Années 50 : trois frères se lancent dans le commerce de la chaussure. Près d’un demi-siècle plus tard, ils auront prouvé qu’en partant du bon pied, on arrive à bon port.
Le premier Festival du shopping en février 97 a enclenché un phénomène social. Toute la presse en a parlé : le Red Shoe de Hamra, affichant -50 %, a été pris d’assaut par des centaines d’individus. On a dû filtrer les entrées, faire appel à la force publique, pallier rapidement une rupture de stock. Bref, une réussite, encore une, un demi-siècle plus tard.
C’est en 1953 que les frères Khatib inaugurent leur première boutique sur la place de l’Étoile. À cette date, un film américain intitulé “The Red Shoes” passe sur nos écrans. Le décorateur s’en inspire pour donner un nom au nouveau magasin. Les chaussures proviennent alors du travail de plusieurs artisans indépendants. Une année plus tard, la “chaussure rouge” s’installe dans le quartier chic de Beyrouth : Bab Idriss. C’est alors que les trois frères décident de joindre l’industrie au commerce. Dans un atelier situé à Mazraa, des fabricants ayant travaillé chez les grands maîtres arméniens commencent à confectionner des chaussures pour approvisionner la boutique. Mais la ligne Red Shoe n’a pas encore vu le jour.
Les ventes se multiplient et à partir des années 60 l’aîné de la famille, Ali Khatib, commence à explorer le marché italien. À Rome, il entend parler d’un célèbre modéliste napolitain, Mangione.
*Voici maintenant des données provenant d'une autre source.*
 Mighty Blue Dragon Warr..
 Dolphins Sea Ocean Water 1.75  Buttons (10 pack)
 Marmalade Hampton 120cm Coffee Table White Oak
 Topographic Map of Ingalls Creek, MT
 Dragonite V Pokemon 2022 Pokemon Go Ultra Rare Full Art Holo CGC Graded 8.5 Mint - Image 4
Les deux Méditerranéens se rencontrent, s’entendent et décident de collaborer. La ligne Red Shoe est alors créée. Conçus par l’Italien, les modèles sont exécutés dans une usine à Chiyah en 1962 et se vendent également dans les nouvelles branches de Hamra et de Béchara el-Khoury. Red Shoe s’exporte en Irak et en Jordanie. Le volume de la production atteint à cette époque le chiffre de 300 paires par jour.
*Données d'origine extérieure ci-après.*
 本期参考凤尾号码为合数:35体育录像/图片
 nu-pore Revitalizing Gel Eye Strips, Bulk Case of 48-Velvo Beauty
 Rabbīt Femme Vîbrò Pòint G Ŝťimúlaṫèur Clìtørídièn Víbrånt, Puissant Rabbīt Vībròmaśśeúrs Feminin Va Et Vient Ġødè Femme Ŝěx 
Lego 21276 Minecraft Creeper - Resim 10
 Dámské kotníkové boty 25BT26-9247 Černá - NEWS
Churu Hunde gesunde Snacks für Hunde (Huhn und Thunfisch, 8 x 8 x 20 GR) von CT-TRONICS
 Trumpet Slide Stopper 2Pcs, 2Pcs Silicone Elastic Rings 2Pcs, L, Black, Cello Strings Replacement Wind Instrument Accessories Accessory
La guerre éclate, tout bascule : les boutiques sont détruites ou fermées, l’usine démolie et pillée. La famille Khatib trouve refuge en Arabie saoudite et aux Émirats arabes unis. Elle y ouvre des magasins de chaussures importées d’Europe. En 1982, une nouvelle usine est fondée à Bchémoun. Une ligne féminine voit le jour. Mais c’est en 1995 que Red Shoe renaît véritablement de ses cendres pour amorcer son expansion actuelle. Cette année-là, une immense usine à Sibline ouvre ses portes.
400 paires par jour
Aujourd’hui, l’usine de Sibline est un centre industriel regroupant environ 240 ouvriers. Une équipe de 6 créateurs est chargée de concevoir les nouveaux modèles, tout en conservant l’esprit du modéliste italien disparu. Depuis 1995, Red Shoe s’est implanté aux quatre coins du pays, avec 10 boutiques. L’aménagement et la décoration des grands magasins, comme celui de Zalka, ont coûté entre 300 000 et 400 000 $.
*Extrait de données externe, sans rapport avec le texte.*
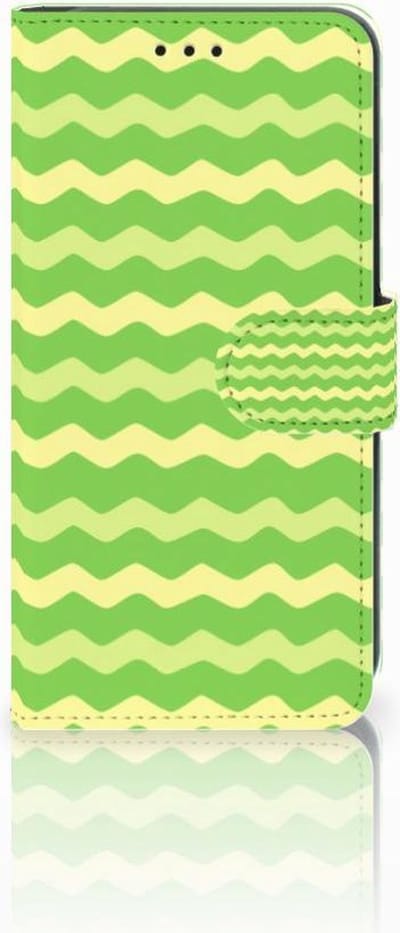 Xiaomi Mi A2 Lite Telefoon Hoesje Waves Green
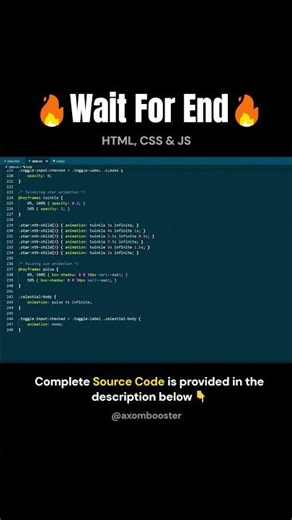 Toggle Button | HTML, CSS Nad JS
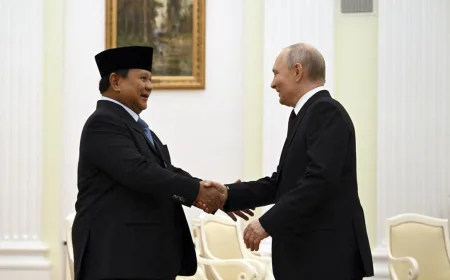 Putin Senang Dapat Ucapan Selamat Paskah dari Presiden Prabowo di Kremlin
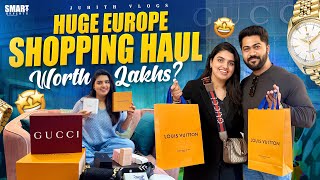 మా Huge Europe Shopping Haul🛍️Worth Lakhs🤑Most Expensive Haul in my LifeLVGucciDior amp More [upl. by Chinua]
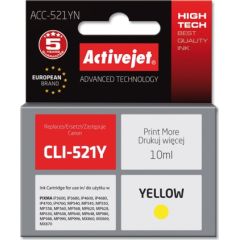Activejet ACC-521YN ink (replacement for Canon CLI-521Y; Supreme; 10 ml; yellow)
Même si la consommation connaît une baisse, la production de Red Shoe ne tarit pas. L’usine produit 400 paires par jour, dont 95 % sont vendues au Liban. Les clients de Red Shoe sont, comme l’explique Ali Khatib, «des gens qui appartiennent à la première couche de la classe moyenne».
«On ne vend pas moins, mais on vend moins cher, raconte-t-il. C’est au moment des soldes que nos chiffres de vente explosent». La période hors soldes permet de vendre 50 % de la collection et d’assurer un retour sur investissement. Les remises de prix permettent de couvrir les frais de l’institution. «La machine continue à tourner, tel est l’essentiel. Peu importe actuellement la marge de profits réalisés».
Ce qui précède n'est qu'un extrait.